# [TO DO]
Write out the data word for word and drop any picture you find.

Extracted records
════════════════════

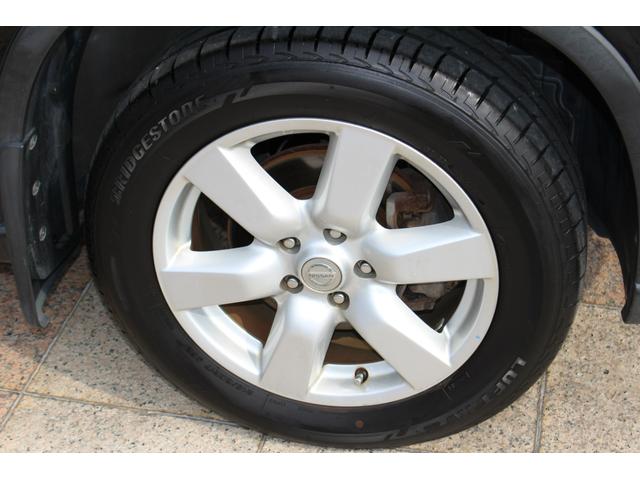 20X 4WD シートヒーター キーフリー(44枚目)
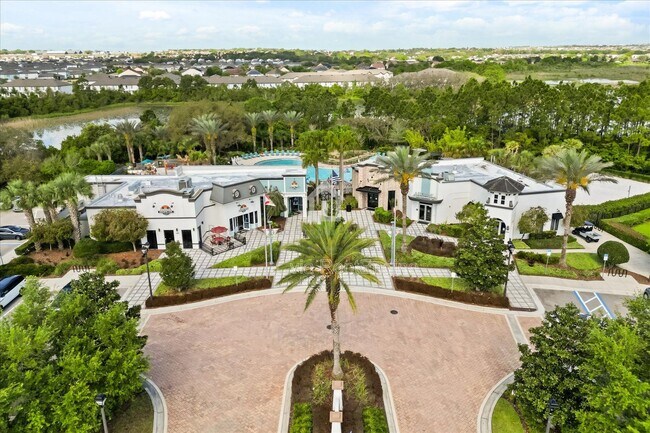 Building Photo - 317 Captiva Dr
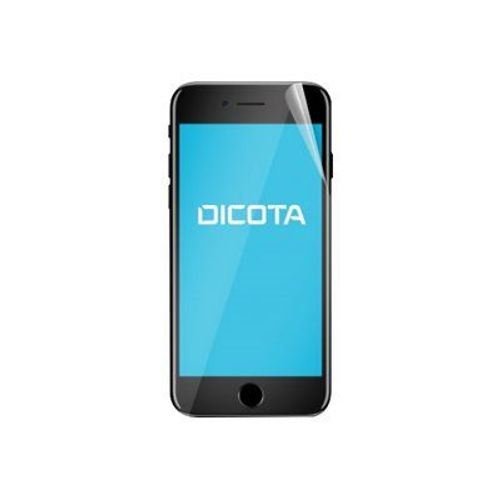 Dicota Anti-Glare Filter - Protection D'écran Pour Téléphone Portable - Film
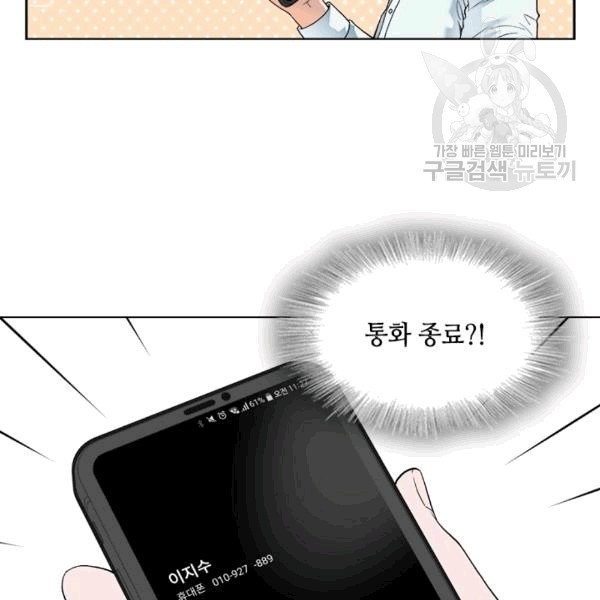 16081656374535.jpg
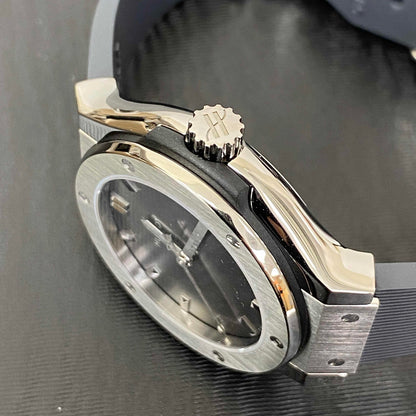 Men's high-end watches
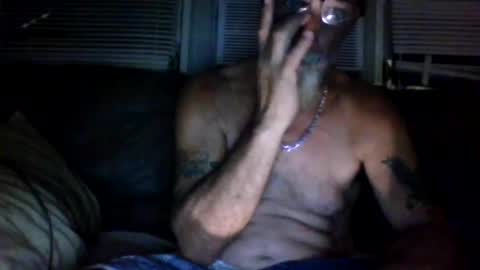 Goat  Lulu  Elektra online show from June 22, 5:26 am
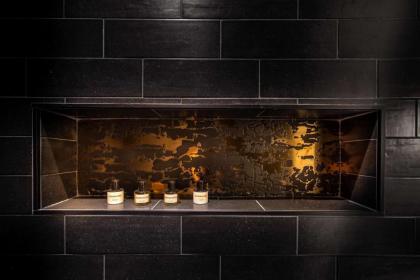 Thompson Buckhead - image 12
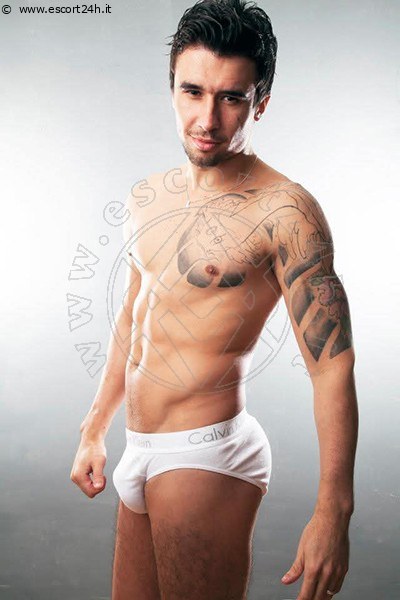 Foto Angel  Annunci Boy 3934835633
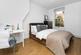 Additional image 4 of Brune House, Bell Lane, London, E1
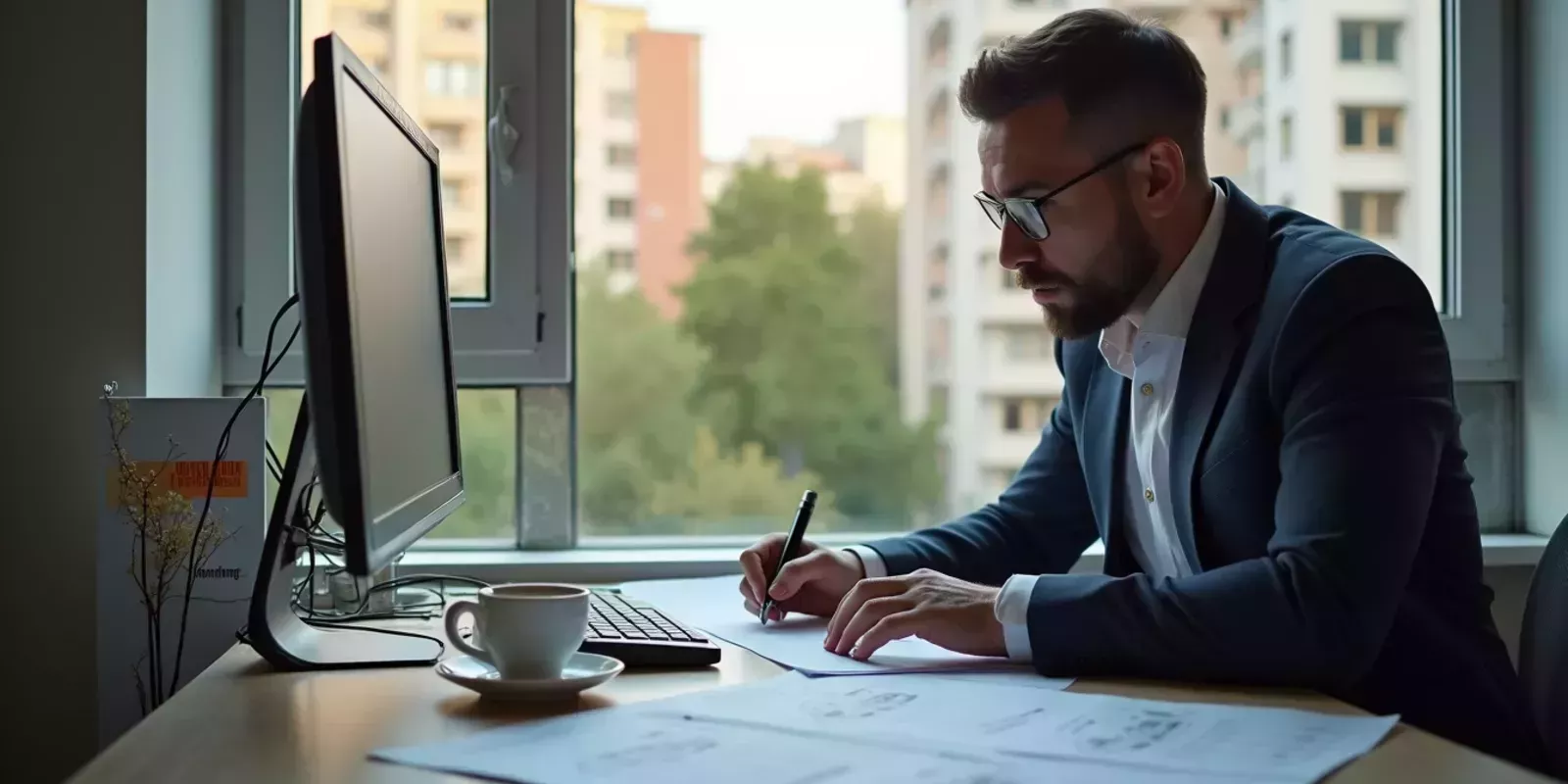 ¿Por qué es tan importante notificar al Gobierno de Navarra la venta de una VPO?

════════════════════

# [ANSWER SECTION]
 20X 4WD シートヒーター キーフリー(44枚目)
 Building Photo - 317 Captiva Dr
 Dicota Anti-Glare Filter - Protection D'écran Pour Téléphone Portable - Film
 16081656374535.jpg
 Men's high-end watches
 Goat  Lulu  Elektra online show from June 22, 5:26 am
 Thompson Buckhead - image 12
 Foto Angel  Annunci Boy 3934835633
 Additional image 4 of Brune House, Bell Lane, London, E1
 ¿Por qué es tan importante notificar al Gobierno de Navarra la venta de una VPO?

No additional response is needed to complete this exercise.